Opponents to immigration reform have called the Senate's bipartisan and comprehensive immigration reform bill a "job killer," but a new report by the conservative-leaning American Action Network, is evidence that the bill might just be the stimulus Congress has been looking for to put the stagnant economy into overdrive.
From California to South Carolina, the report shows that the Senate's immigration bill would create an average of 14,000 jobs per congressional district in the next decade.
Majority Whip Rep. Kevin McCarthy, R-Calif., a key member of the House leadership whose agricultural district is more than 30 percent Latino, would see nearly 17,000 new jobs back home if the Senate bill were implemented. And even Rep. Steve King, R-Iowa, who has made headlines for expressing disdain for immigrants who entered the country illegally, would see more than 13,000 new jobs in his district.
It is not the first to show that immigration reform could stimulate the economy. The Congressional Budget Office estimated the Senate bill would cut the deficit by more than $680 billion, and a July study by the Institute on Taxation and Economic Policy ishowed that reform would boost state and local tax revenues by $2 billion a year.
In June, the Senate overwhelmingly passed the Border Security, Economic Opportunity, and Immigration Modernization Act of 2013 complete with its reformed visa programs and a path to citizenship for the 11 million immigrants who entered the country illegally. But Republican leaders within the House of Representatives have sworn off the bill as too progressive, expensive and ineffective. They even blasted the border surge plan, which would double the number of border patrol agents.
House Speaker John Boehner has stated he won't bring the Senate bill to floor, but will instead count on his committee leaders to work on legislation piece by piece. So far, the House has cleared border security bills from committee, but have not dealt with the question of what to do with immigrants living in the country illegally.

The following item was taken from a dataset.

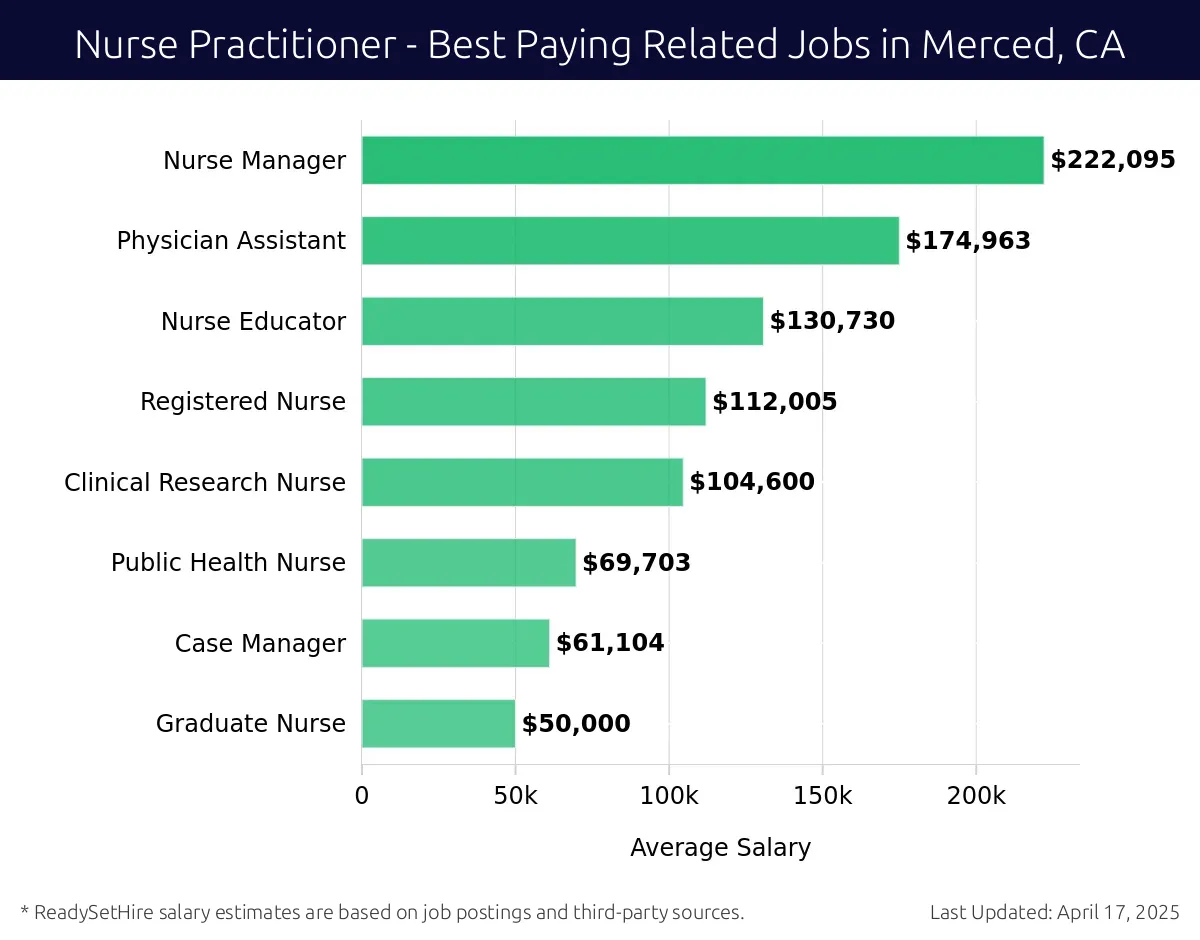 Graph displaying best paying related job salaries for Nurse Practitioner jobs near Merced, CA, highlighting Nurse Manager with the highest at $222,095 and Graduate Nurse with the lowest at $50,000.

The American Action Network has spent $1 million fighting for immigration reform since March and is optimistic their efforts and the report might push House Republicans to act more quickly when they return from recess. The AAN is part of a broader coalition of Republican think tanks and leaders pushing an economic argument for immigration reform and hoping to convince members on the fence that supporting comprehensive reform could help the government generate more revenue.
"These findings prove that conservative immigration reform would help local economies in every district in America. Congress should continue working on true methodical immigration reform to fix the broken border and help local economies grow," AAN leader Brian Walsh said in a statement.